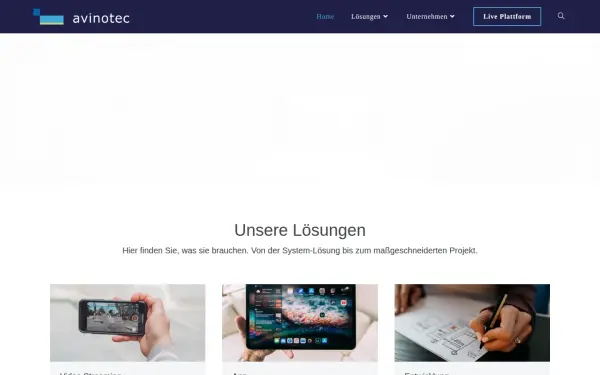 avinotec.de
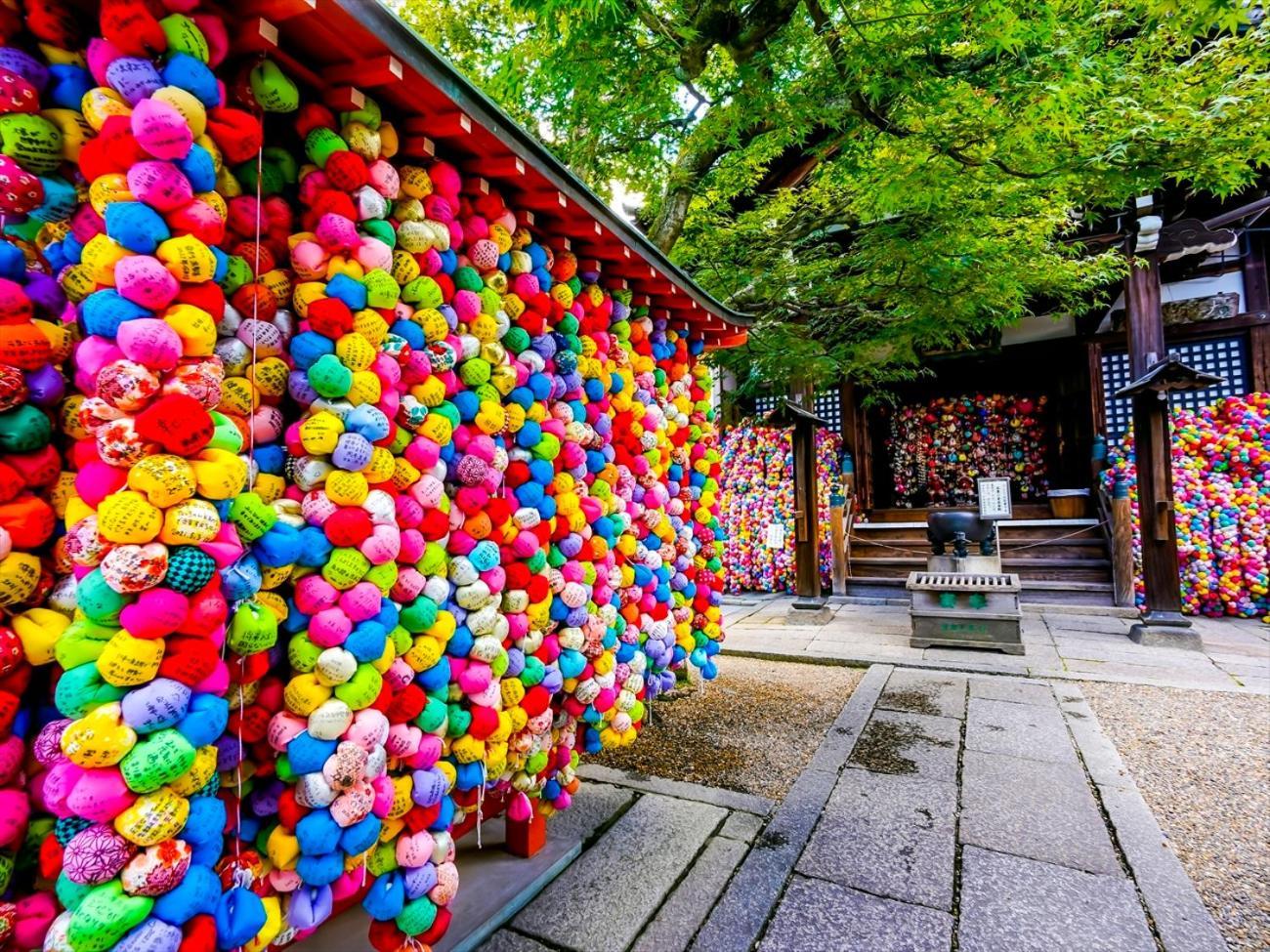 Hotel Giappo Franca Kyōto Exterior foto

_ _ _ _ _ _ _

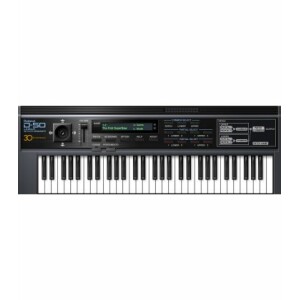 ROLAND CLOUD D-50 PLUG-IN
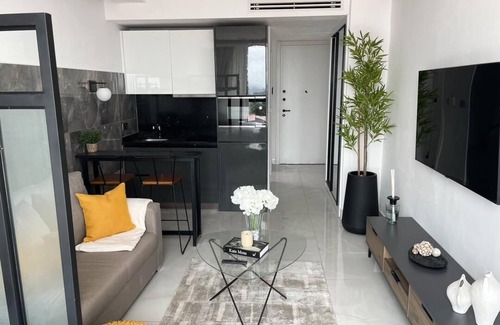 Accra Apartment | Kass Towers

_ _ _ _ _ _ _

▸ **Your assignment**
Copy exactly, without pictures, the lines above from the one with "avinotec.de" down to the one with "Hotel Giappo Franca Kyōto Exterior foto", inclusive.

▸ **Your solution**
 avinotec.de
 Hotel Giappo Franca Kyōto Exterior foto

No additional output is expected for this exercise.